§ **Goal of the exercise**:
Note on the material below: return exactly the lines from the line that holds "<b>Ramada Nanaimo Suite</b>." through the line that holds "Egyedi Bo-Katan Westar-35", and leave out each picture.

§ **Records for processing**:
■ ■ ■ ■ ■ ■ ■

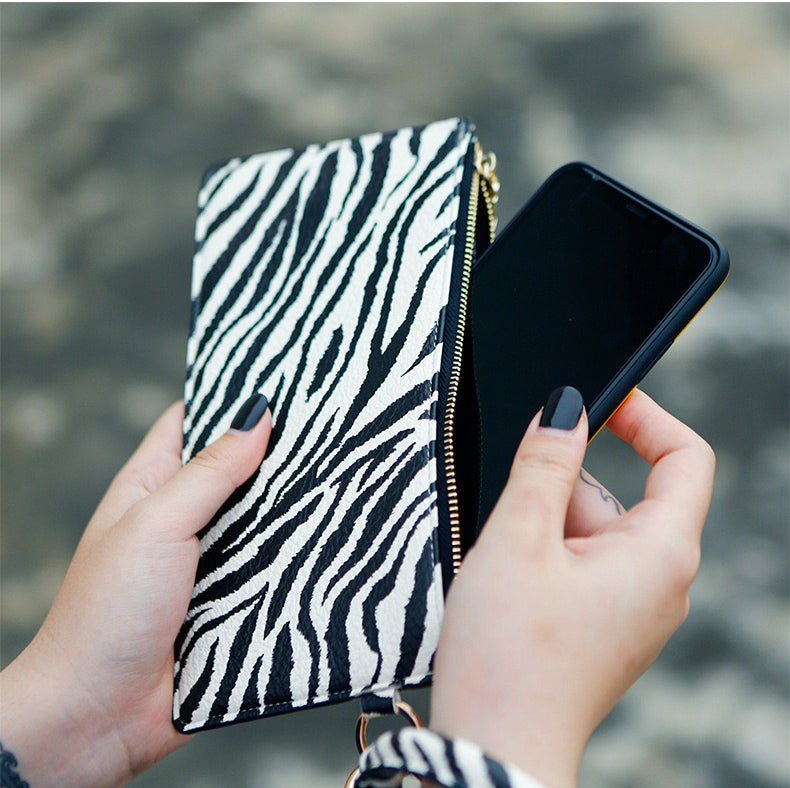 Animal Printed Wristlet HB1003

■ ■ ■ ■ ■ ■ ■

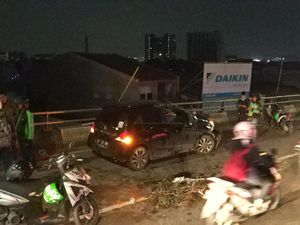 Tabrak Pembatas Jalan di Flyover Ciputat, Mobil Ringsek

■ ■ ■ ■ ■ ■ ■

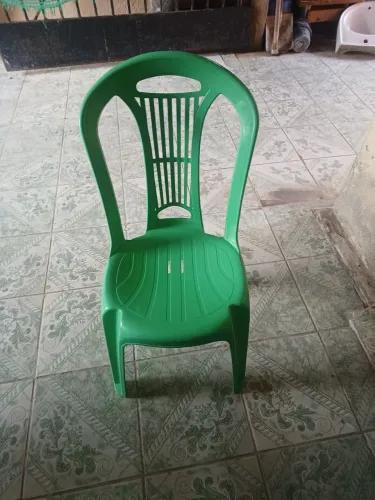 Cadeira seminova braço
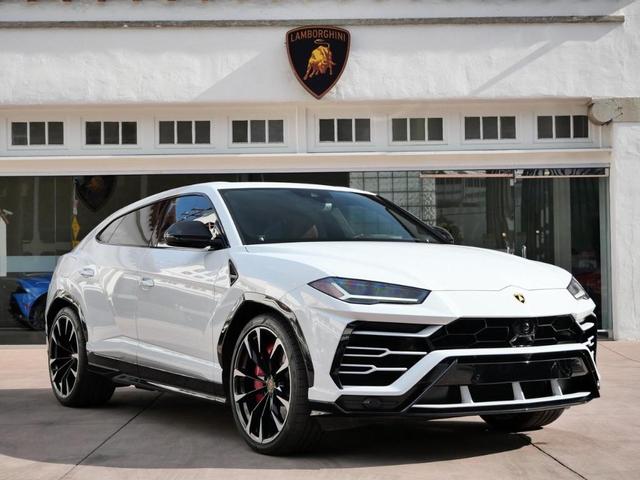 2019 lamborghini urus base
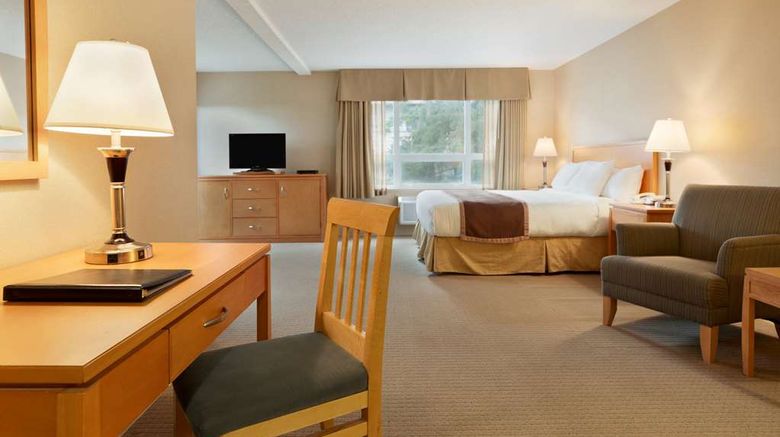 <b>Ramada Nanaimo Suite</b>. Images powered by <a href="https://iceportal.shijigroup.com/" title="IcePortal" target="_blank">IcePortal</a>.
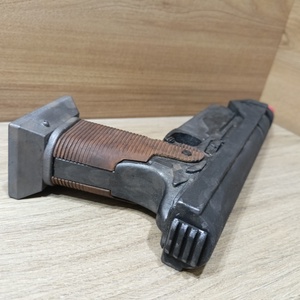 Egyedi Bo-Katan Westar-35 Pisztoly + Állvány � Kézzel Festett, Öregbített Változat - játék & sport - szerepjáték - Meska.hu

■ ■ ■ ■ ■ ■ ■

§ **Answer space**:
 <b>Ramada Nanaimo Suite</b>. Images powered by <a href="https://iceportal.shijigroup.com/" title="IcePortal" target="_blank">IcePortal</a>.
 Egyedi Bo-Katan Westar-35 Pisztoly + Állvány � Kézzel Festett, Öregbített Változat - játék & sport - szerepjáték - Meska.hu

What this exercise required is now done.